Face anti-spoofing with cross-stage relation enhancement and spoof material perception

Daiyuan Li; Guo Chen; Xixian Wu; Zitong Yu; Mingkui Tan

doi:10.1016/j.neunet.2024.106275

Face anti-spoofing with cross-stage relation enhancement and spoof material perception

Neural Netw. 2024 Mar 27:175:106275. doi: 10.1016/j.neunet.2024.106275. Online ahead of print.

Authors

Daiyuan Li¹, Guo Chen², Xixian Wu³, Zitong Yu⁴, Mingkui Tan⁵

Affiliations

¹ South China University of Technology, Guangzhou, 510006, Guangdong, China; Pazhou Laboratory, Guangzhou, 510000, Guangdong, China; Key Laboratory of Big Data and Intelligent Robot, Ministry of Education, Guangzhou, 510000, Guangdong, China. Electronic address: selidaiyuan@mail.scut.edu.cn.
² South China University of Technology, Guangzhou, 510006, Guangdong, China; CSSC Systems Engineering Research Institute, Beijing, 100000, Beijing, China. Electronic address: qwead134@gmail.com.
³ HuNan Gmax Intelligent Technology, Changsha, 410000, Hunan, China. Electronic address: wuxixian@gmax-ai.com.
⁴ Great Bay University, Dongguan, 523000, Guangdong, China. Electronic address: zitong.yu@ieee.org.
⁵ South China University of Technology, Guangzhou, 510006, Guangdong, China. Electronic address: mingkuitan@scut.edu.cn.

PMID: 38653078
DOI: 10.1016/j.neunet.2024.106275

Abstract

Face Anti-Spoofing (FAS) seeks to protect face recognition systems from spoofing attacks, which is applied extensively in scenarios such as access control, electronic payment, and security surveillance systems. Face anti-spoofing requires the integration of local details and global semantic information. Existing CNN-based methods rely on small stride or image patch-based feature extraction structures, which struggle to capture spatial and cross-layer feature correlations effectively. Meanwhile, Transformer-based methods have limitations in extracting discriminative detailed features.

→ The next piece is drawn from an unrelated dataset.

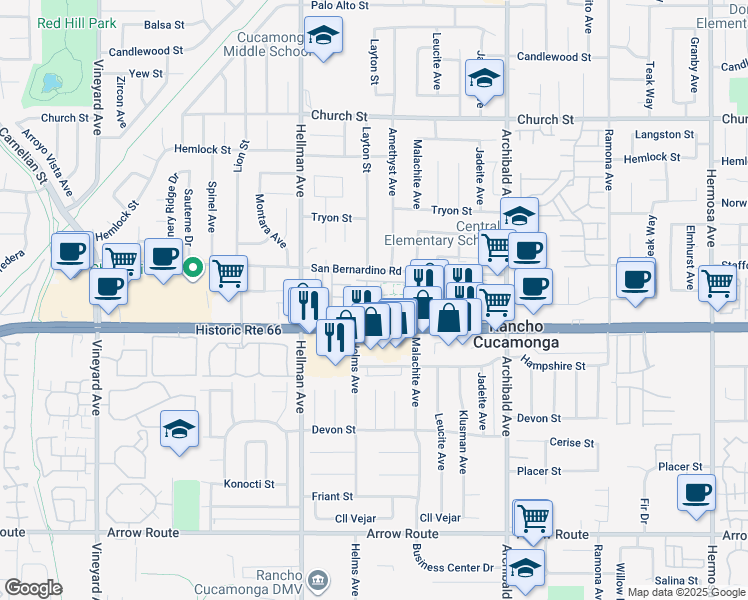 map of restaurants, bars, coffee shops, grocery stores, and more near 9471 Jack Rabbit Drive in Rancho Cucamonga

To address the aforementioned issues, we introduce a multi-stage CNN-Transformer-based framework, which extracts local features through the convolutional layer and long-distance feature relationships via self-attention. Based on this, we proposed a cross-attention multi-stage feature fusion, employing semantically high-stage features to query task-relevant features in low-stage features for further cross-stage feature fusion. To enhance the discrimination of local features for subtle differences, we design pixel-wise material classification supervision and add a auxiliary branch in the intermediate layers of the model. Moreover, to address the limitations of a single acquisition environment and scarcity of acquisition devices in the existing Near-Infrared dataset, we create a large-scale Near-Infrared Face Anti-Spoofing dataset with 380k pictures of 1040 identities. The proposed method could achieve the state-of-the-art in OULU-NPU and our proposed Near-Infrared dataset at just 1.3GFlops and 3.2M parameter numbers, which demonstrate the effective of the proposed method.

Keywords: Dataset; Face anti-spoofing; Presentation attack; Transformer.